I asked mom, “How old do you have to be to get married?” thinking the answer was at least ten years old. But mom said I’d have to wait until I was 18 which was extra long away because my birthday was in October. “Oh,” I said and thought about how hard it would be to break her heart.
She was amazing. She could ride a two-wheeler, played T-ball for the Blue Jays, and gave me a travel magnetic checkers set when I gave her part of my stamp collection.
She was just about everything I wanted in a girlfriend. We had a great time while we were together, but life in 1982 was just too busy: It was fall baseball season and I was on the Brewers. Plus I had a lot of He-Man figures I was neglecting.
The last straw came when we lined up one day after lunch. We had lost at kickball and our teacher was late in coming to get us. Scott, who was captain of the winning team, led the class in the song, the one no 7-year-old boy wants to hear: “Jimmy and Sarah sitting in a tree, K-I-S-S-I-N-G… ”
I felt my face turning bright red. I let go of Sarah’s hand. And that was it. I took the coward’s way out. I never told her I didn’t love her or that we were no longer boyfriend and girlfriend.
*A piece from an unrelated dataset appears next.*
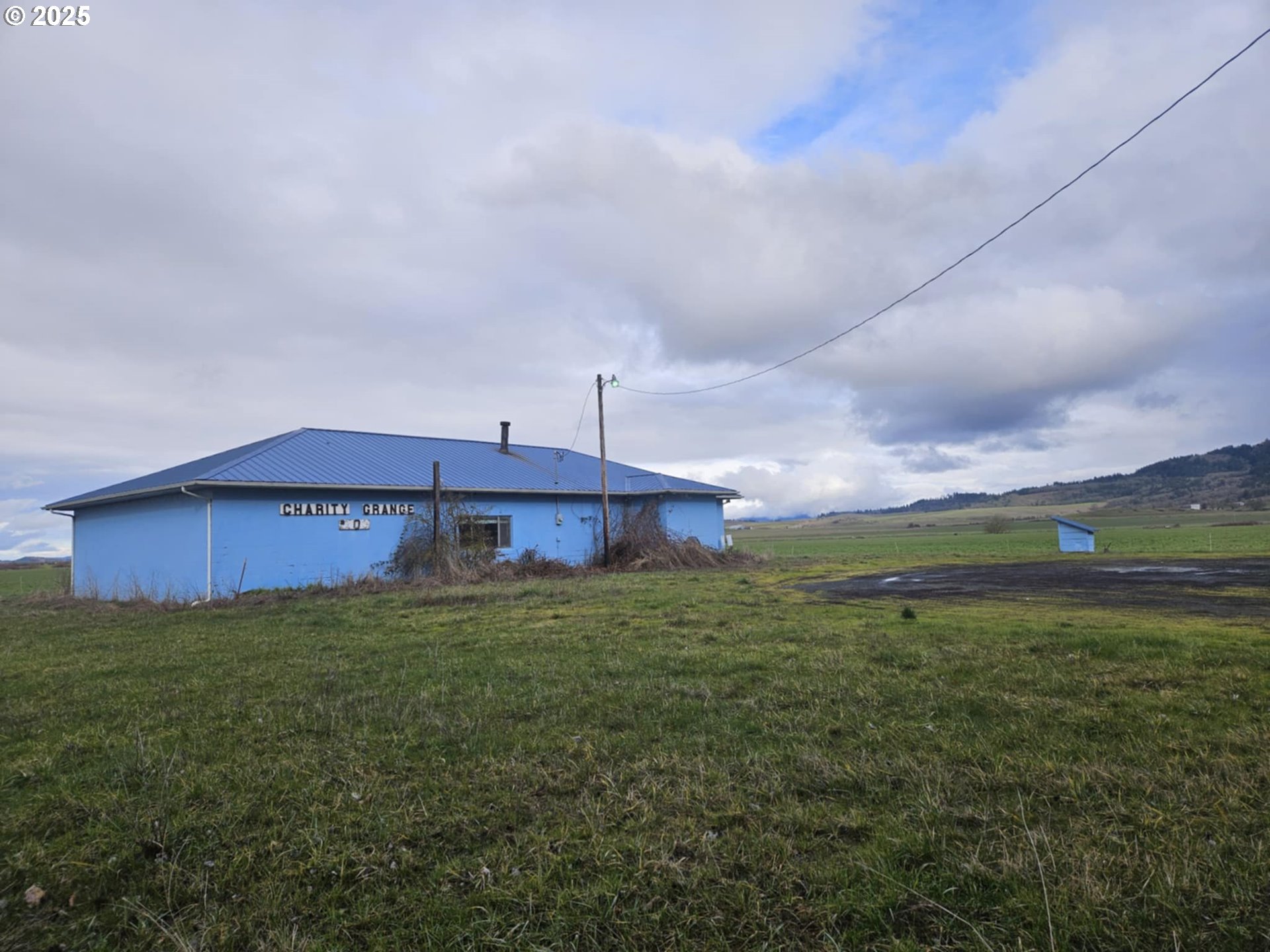 Existing building is 2,964 square feet with very large main room, large kitchen, bathrooms on .86 acres of land with mountain and valley views. EFU Agricultural Zoning allows for a variety of related businesses. Buyers to do their own due diligence regarding options for use of this property.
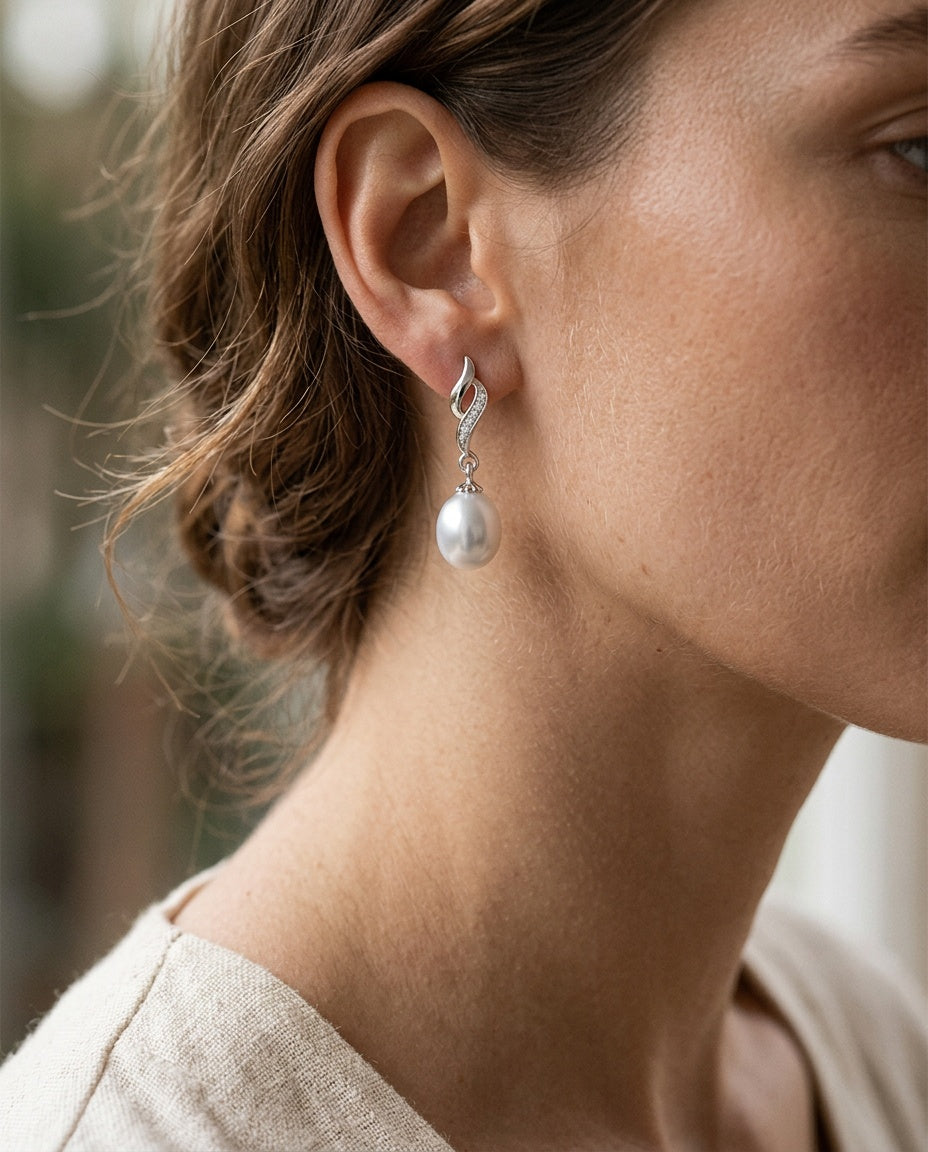Woman wearing silver earrings with white freshwater pearls and hair pulled back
I just ignored her.
About three days later, her friend came to me, “Sarah’s worried you don’t love her anymore.”
I told her friend that I did love her, but just didn’t have any time to spend with her. We went to class and sat down.
Dr Hasenstab announced, “Today, we’re going to learn our dances for the Christmas play. Everybody up, we’re going to the auditorium.”
I loved the Christmas play. Each year, we learned one song about Christmas and one song about Hanukkah. I already knew Jingle Bells, the Dreidel Song, and Jingle Bell Rock. I thought there was a good chance that I would already know one of the songs.
We got to the auditorium. Dr. Hasenstab announced, “This year, we’re going to do the Stegosaurus song, the Brontosaurus song, and the Triceratops song. Each of you will dance in one song and sing the other two.”
Three new songs! I didn’t know which dinosaur belonged to Jesus and which belonged to the Jewish kids, but that was what school was for.
Dr. Hasenstab played the songs on the record player and modeled the dance for each song. She then read off the names of who would dance in each song and she put us right together, “Stegosaurus dance, Jimmy, Sarah, Robbie W, Scott R, Rachael…”
I exhaled and lined up next to Sarah. She smiled and looked at me. I talked to Robbie. And then the music started. “I am a stegosaurus, I’m a funny looking dinosaur…”
I sang along, loudly and danced a little bit off. We finished our rehearsal. I didn’t look at Sarah.
We won our baseball game that afternoon and I dedicated my performance to Sarah. I hit a home run and two doubles, but I still felt a little bad.